A mandatory handshake occurs when a connection is established:

  1. Initialize Request: The client sends its protocol version and capabilities.
  2. Initialize Response: The server responds with its version and capabilities, including supported protocol features.
  3. Initialized Notification: The client confirms it is ready to proceed.

Protocol Versioning

MCP protocol versions use a date-shaped format such as YYYY-MM-DD. Version negotiation occurs during initialization; both parties must agree on a protocol version before normal operation.

Primitives and Operations

Tool Discovery and Execution

  • Discovery: Clients list available tools using tools/list.
  • Execution: Clients invoke tools via tools/call. The server executes the logic and returns a result.
  • Operational flow: Application selects the right session, calls the tool, then returns the result into the conversation or agent workflow.

Real-time Updates (Notifications)

MCP supports proactive server-to-client notifications.

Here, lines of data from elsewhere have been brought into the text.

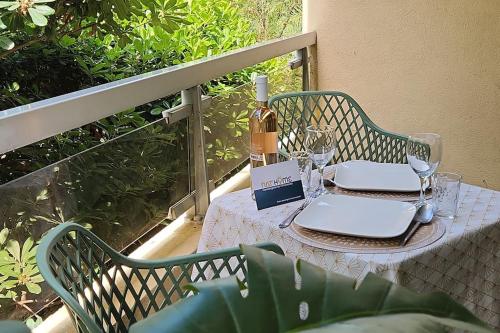 - une table avec une bouteille de vin et des verres sur un balcon dans l'établissement Studio boulouris cosy proche plage, à Saint-Raphaël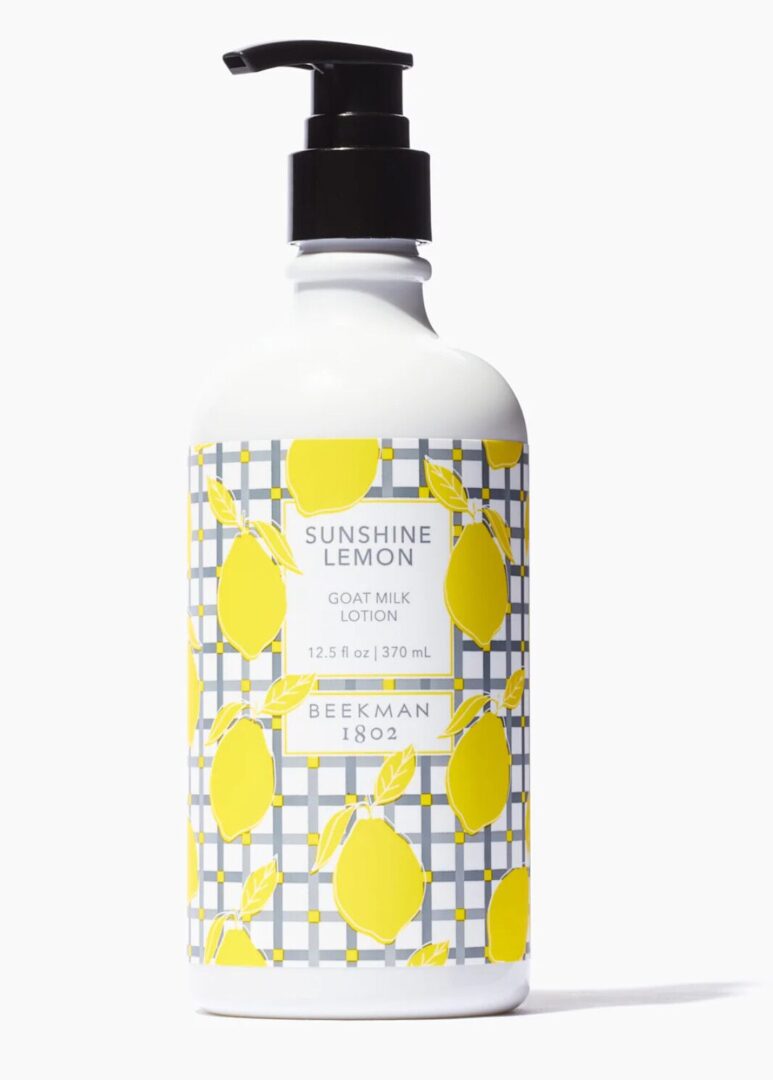 Lotion bottle with a lemon-themed design, labeled "Sunshine Lemon Goat Milk Lotion," 12.5 fl oz / 370 mL, by Beekman 1802.
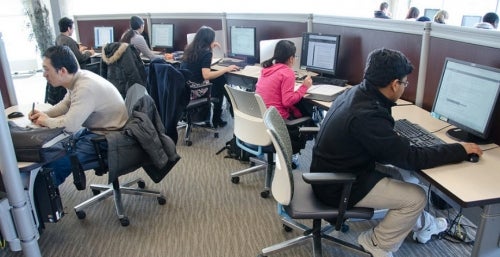 Students using the public workstations at the Dana Porter Library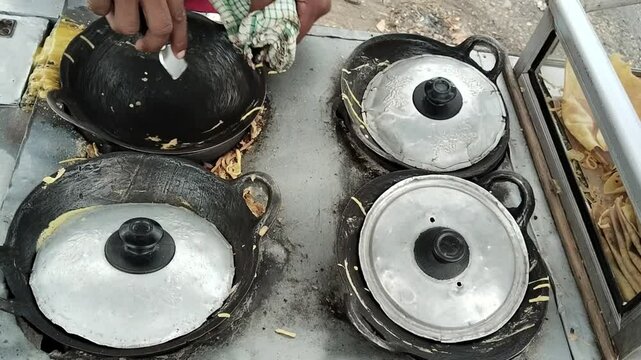 View of the skilled hands of a street "leker cake" seller who makes leker cakes using 4 pans that are opened and closed alternately so that the leker cakes cook evenly and perfectly.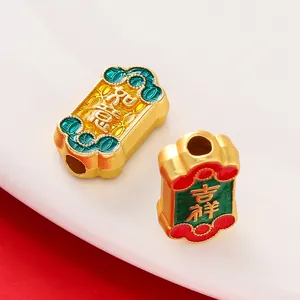 Detailed macro shot of Chinese style gold plated enamel beads with auspicious lucky characters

  • notifications/tools/list_changed: Sent by the server when its tool roster changes.
  • Refresh cycle: Upon receiving a notification, the client typically re-fetches the tool list via tools/list.
  • Benefit: Enables dynamic environments where tools may appear or disappear based on permissions, server state, or runtime context.

Strategic Importance

  • Dynamic Discovery: Prevents hardcoding tool definitions; the AI application learns capabilities at runtime.
  • Transport Independence: The same Data Layer logic works over local pipes or web APIs.
  • Standardized Context: Provides a unified way for LLMs to interact with external systems without custom integrations for every tool.
  • Agent Ecosystem Leverage: Hosts, servers, and clients can evolve independently while retaining a shared interaction contract.